Exercise aim: Transcribe the stretch of entries below from the line with "Borneo Epi Leather" through the line with "VESTITO BABBO NATALE BIMBA", exactly and with both ends included; leave out all other lines.

Available data:

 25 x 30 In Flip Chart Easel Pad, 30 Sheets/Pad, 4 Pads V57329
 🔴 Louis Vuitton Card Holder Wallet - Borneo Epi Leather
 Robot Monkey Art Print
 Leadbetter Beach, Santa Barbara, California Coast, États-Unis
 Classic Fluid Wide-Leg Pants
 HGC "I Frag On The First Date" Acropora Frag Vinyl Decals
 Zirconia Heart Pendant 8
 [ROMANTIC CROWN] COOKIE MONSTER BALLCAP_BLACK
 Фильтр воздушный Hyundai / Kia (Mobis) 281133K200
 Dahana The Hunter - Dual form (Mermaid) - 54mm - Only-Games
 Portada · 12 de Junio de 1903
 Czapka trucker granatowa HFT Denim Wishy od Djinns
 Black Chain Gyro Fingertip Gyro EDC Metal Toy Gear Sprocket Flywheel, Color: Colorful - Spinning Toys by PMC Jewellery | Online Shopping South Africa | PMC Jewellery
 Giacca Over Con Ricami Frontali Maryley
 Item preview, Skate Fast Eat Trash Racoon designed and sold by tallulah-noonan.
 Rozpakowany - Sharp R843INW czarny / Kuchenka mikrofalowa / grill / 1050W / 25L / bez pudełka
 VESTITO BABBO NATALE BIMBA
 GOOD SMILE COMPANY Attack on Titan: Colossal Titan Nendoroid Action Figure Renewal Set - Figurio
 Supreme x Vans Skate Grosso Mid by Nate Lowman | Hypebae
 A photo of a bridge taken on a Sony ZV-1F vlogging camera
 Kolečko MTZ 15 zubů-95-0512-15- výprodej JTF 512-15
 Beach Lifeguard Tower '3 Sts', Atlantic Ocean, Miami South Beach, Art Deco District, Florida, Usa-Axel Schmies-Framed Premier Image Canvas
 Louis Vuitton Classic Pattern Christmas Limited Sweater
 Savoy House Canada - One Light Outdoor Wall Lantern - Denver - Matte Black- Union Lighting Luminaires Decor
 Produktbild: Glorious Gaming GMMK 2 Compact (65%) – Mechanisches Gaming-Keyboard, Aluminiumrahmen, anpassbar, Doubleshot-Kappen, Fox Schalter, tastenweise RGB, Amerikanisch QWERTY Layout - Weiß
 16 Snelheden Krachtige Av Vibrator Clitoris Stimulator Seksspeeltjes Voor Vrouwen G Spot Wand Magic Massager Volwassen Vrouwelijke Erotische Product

Solved problem:
 🔴 Louis Vuitton Card Holder Wallet - Borneo Epi Leather
 Robot Monkey Art Print
 Leadbetter Beach, Santa Barbara, California Coast, États-Unis
 Classic Fluid Wide-Leg Pants
 HGC "I Frag On The First Date" Acropora Frag Vinyl Decals
 Zirconia Heart Pendant 8
 [ROMANTIC CROWN] COOKIE MONSTER BALLCAP_BLACK
 Фильтр воздушный Hyundai / Kia (Mobis) 281133K200
 Dahana The Hunter - Dual form (Mermaid) - 54mm - Only-Games
 Portada · 12 de Junio de 1903
 Czapka trucker granatowa HFT Denim Wishy od Djinns
 Black Chain Gyro Fingertip Gyro EDC Metal Toy Gear Sprocket Flywheel, Color: Colorful - Spinning Toys by PMC Jewellery | Online Shopping South Africa | PMC Jewellery
 Giacca Over Con Ricami Frontali Maryley
 Item preview, Skate Fast Eat Trash Racoon designed and sold by tallulah-noonan.
 Rozpakowany - Sharp R843INW czarny / Kuchenka mikrofalowa / grill / 1050W / 25L / bez pudełka
 VESTITO BABBO NATALE BIMBA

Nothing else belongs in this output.